Microglial imaging with positron emission tomography and atrophy measurements with magnetic resonance imaging in multiple sclerosis: a correlative study
Versijpt J, Debruyne JC, Van Laere KJ, De Vos F, Keppens J, et al. ;
Commented by , 21 Apr 2005
Background
It has been hypothesized that activation of microglia is one of the central pathophysiological events in MS. Various stimuli such as proinflammatory cytotoxic cytokines, matrix metalloproteinases, free radicals and nitric oxide cause microglia activation.
This may lead to release of myelinotoxic factors that directly injure the oligodendrocyte-myelin unit. Activated microglia express the peripheral benzodiazepine receptor and visualization of this receptor can be performed using the radiolabelled high affinity ligand PK11195.
In the current study the authors investigate the relationship between activated microglia and cerebral atrophy, which is considered to be the pathological end point of MS.
Aim
To compare measurements of brain atrophy in MS with normal controls and to correlate this with clinical measurements. To correlate 11C-PK11195 uptake with brain atrophy.
Methods
The authors examined 8 controls and 22 MS patients (13 with relapsing-remitting and 7 with secondary progressive. Six patients had clinical relapse and 10 had Gd-enhancing lesions on MRI at the time of examination. Average disease duration was 9.3 years and average disability (EDSS) was 4.0.
A slow bolus of approximately 370 MBq 11C-PK11195 was administered i.v. and semiquantitative measurement of cerebral tracer uptake was performed using positron emission tomography (PET).
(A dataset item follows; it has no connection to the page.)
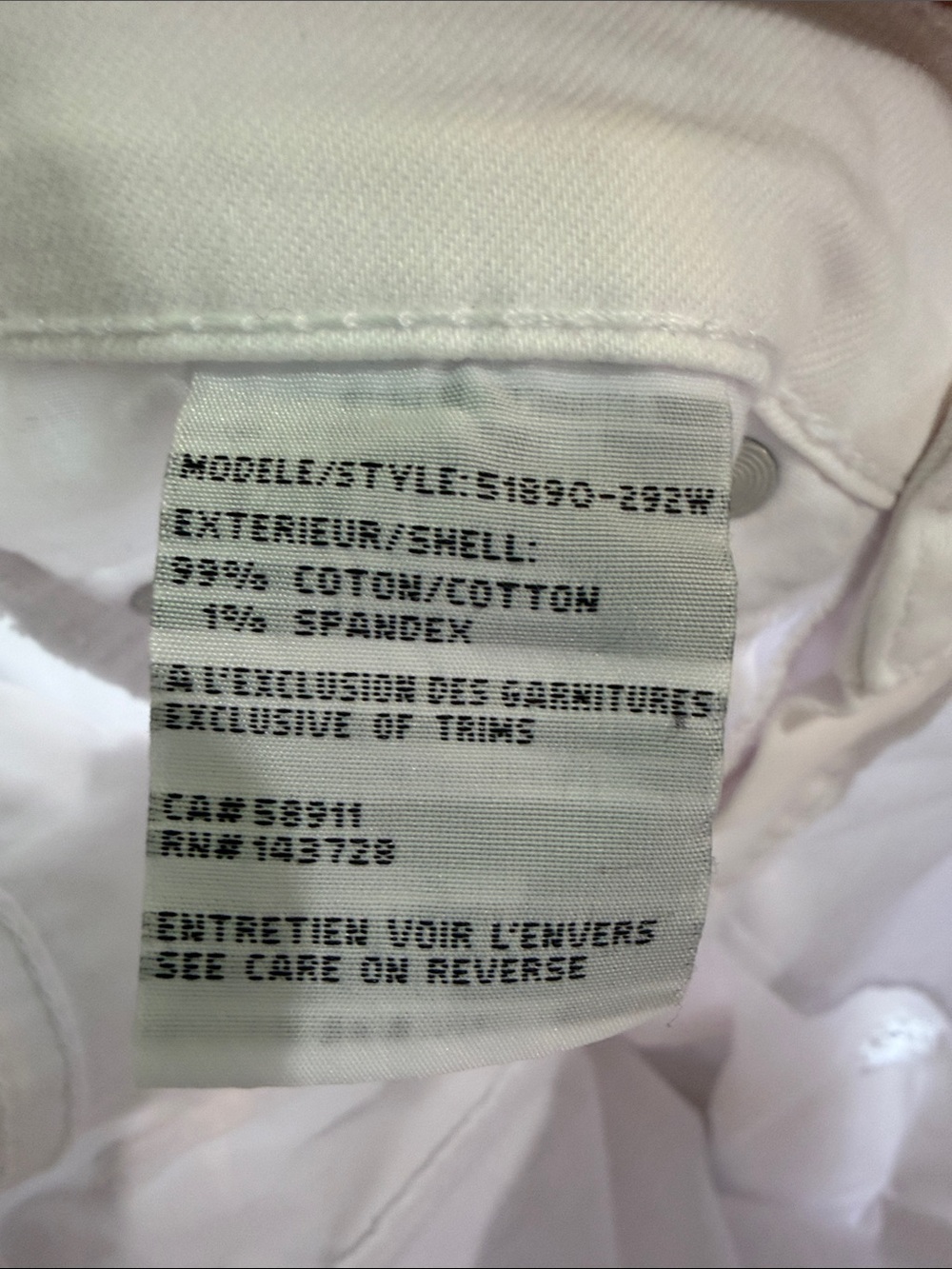 Tribal White Boyfriend Distressed Jeans with Metal Button - Picture 10 of 11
A 1.5 tesla MRI with Gd-enhancement was performed for evaluation of disease burden and activity, selection of regions of interest (ROI’s) as well as measurements of brain parenchymal fraction (relative atrophy measurement).
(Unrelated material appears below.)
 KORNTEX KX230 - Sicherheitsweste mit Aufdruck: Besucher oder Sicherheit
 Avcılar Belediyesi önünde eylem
For statistical evaluation the authors used t-test or Mann-Whitney U test for differences between groups and Spearman or Pearson test was used for correlation analysis.
Results
There was a statistically significant correlation between 11C-PK11195 in NAWM and cerebral atrophy (r=-0.2; P=0.03).
The 11C-PK11195 uptake for T2 lesions decreased and correlated with increasing brain atrophy (r=-0.3; P=0.03).
Atrophy was more pronounced in MS patients compared with normal subjects.
The presence of relapse and enhancing lesions did not predict the amount of brain atrophy.
Dr Blinkenberg's comments
The study shows a weak correlation between 11C-PK11195 uptake and cerebral atrophy. It is the first study showing a relationship between subtle inflammatory changes in normal appearing white matter (NAWM) and axonal/neuronal loss in MS in vivo.
In this way the study corroborate the notion that diffuse pathophysiological processes in NAWM may cause early and ongoing cerebral atrophy, which also has been shown using MR spectroscopy and magnetization transfer.
There are some methodological drawbacks of the study, the most important being the semiquantitative approach, where PET tracer measurements are normalized to grey matter, on the assumption that grey matter is relatively unaffected. This will inevitably underestimate tracer uptake estimates in subjects with cortical disease involvement, which is known to be more pronounced in MS than previously assumed.
Concerning small regions of interest there is also a risk of underestimating tracer uptake caused by partial volume effect, which was not corrected.
Still the PET 11C-PK11195 technique is interesting and with some methodological refinement (quantification) important questions regarding pathophysiology may be explained, e.g. difference in tracer distribution between different courses of disease, prognosis due to difference in tracer uptake, effect of treatment with various medications etc.